Классицизмсложился и наиболее ярко выразился в условиях абсолютной монархии во Франции. Это не значит, что он не имел места в других странах. Классицизм, как и барокко, был имманентно присущ всей культуре XVII века. Если барокко со своим богатством и многообразием ощущений тяготеет к сенсуализму как способу чувственного познания мира, то классицизм требует рационалистической ясности, упорядоченного метода расчленения целого на части и последовательного рассмотрения каждой из них. Для этого необходима внутренняя гармония, чувство меры и душевного равновесия. Менталитету человека, выражающего классицистическую направленность, свойственно стремление к объединению вокруг монарха, упорядоченности. Память о религиозных войнах предыдущего века и желание стабильности заставляли его принять строгую иерархию абсолютизма, жесткую регламентацию королевской власти.
Для классицистов в искусстве характерно создание монументальных произведений, изображение героев действенных, преисполненных жизненной энергии и способных — благодаря умению смирять обуревающие их страсти — подниматься до разрешения сложных, трагических конфликтов. Поэтому театр тяготеет к трагедиям на исторические сюжеты, в которых столкновение долга и чувства всегда кончается победой долга. В этом направлении работали великие французские драматурги — Корнель (1606—1684) и Расин (1639—1699). Но существовала также и комедия классицизма, разоблачающая противоречия окружающего мира, о чем свидетельствует до сих пор не утратившее своей актуальности творчество Мольера (1622—1673).

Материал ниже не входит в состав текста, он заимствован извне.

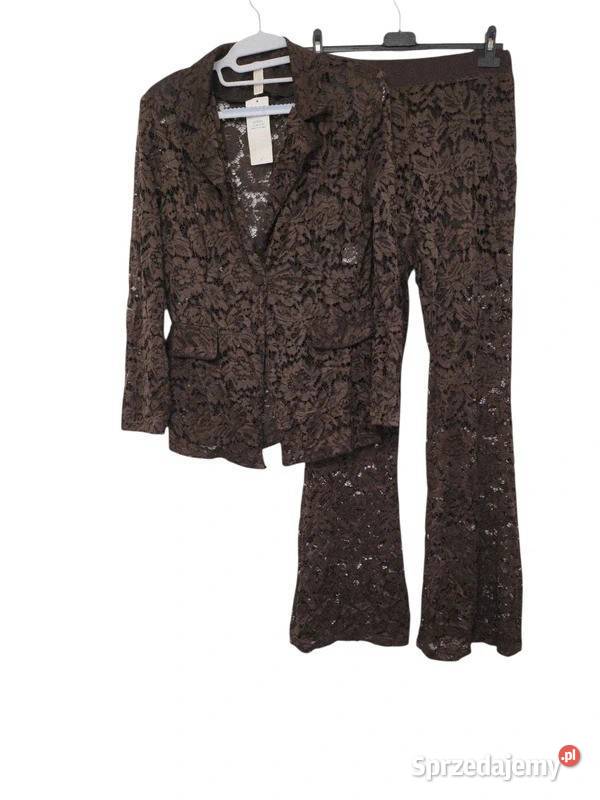 Komplet marynarka ze spodniami z koronki Rozmiar uniwersalny Marynarki i żakiety pomorskie Wejherowo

Для теории классицизма характерен культ разума, который связывает этот стиль с философским рационализмом. Разум в классицизме — источник и мерило прекрасного; для последовательного классициста ценность художественного произведения в значительной мере определяется степенью его логической стройности и ясности, упорядоченностью его композиции. Этим и объясняется склонность классицистов изображать в качестве героев людей, способных даже в моменты самых тяжелых и бурных переживаний трезво мыслить, рассуждать и подчинять свои поступки велению разума [121, т. 4]. Это же стремление к упорядочению продиктовало разным видам искусства в зависимости от их специфики и определенные правила, по которым эти произведения должны создаваться. Правила эти касались не только темы или сюжета произведения, но и упорядочивали его внутреннюю структуру. Например, в драматургии существовали знаменитые “три единства”: единство места, единство времени и единство действия. Единство места предполагало, что все события совершаются только в одном месте, одной декорации на сцене; единство времени требовало, чтобы действие началось и закончилось в течение одних суток; единство действия требовало, чтобы центральный конфликт был четко определенным и единственным. Наиболее полно нормативную сторону искусства классицизма изложил Никола Буало (1636—1711) в стихотворном трактате “Поэтическое искусство”, где он требовал подчинить художественное вдохновение разуму:
Обдумать надо мысль и лишь потом писать.
Пока неясно вам, что вы сказать хотите,
Простых и точных слов напрасно не ищите...
XVII век подарил человечеству высокие достижения культуры практически во всех областях деятельности. Но отметим еще раз, что это было время контрастов: блеску двора “короля-Солнца” Людовика XIV противостоял нищий, не имеющий не только завтрашнего, но и сегодняшнего дня народ; самым великолепным умам этого века — дворянин, не знающий грамоты и кичащийся этим. Эти контрасты порождают особый драматизм времени, подготовивший как идеи Просвещения, так и последующую множественность в развитии культуры Новейшего времени.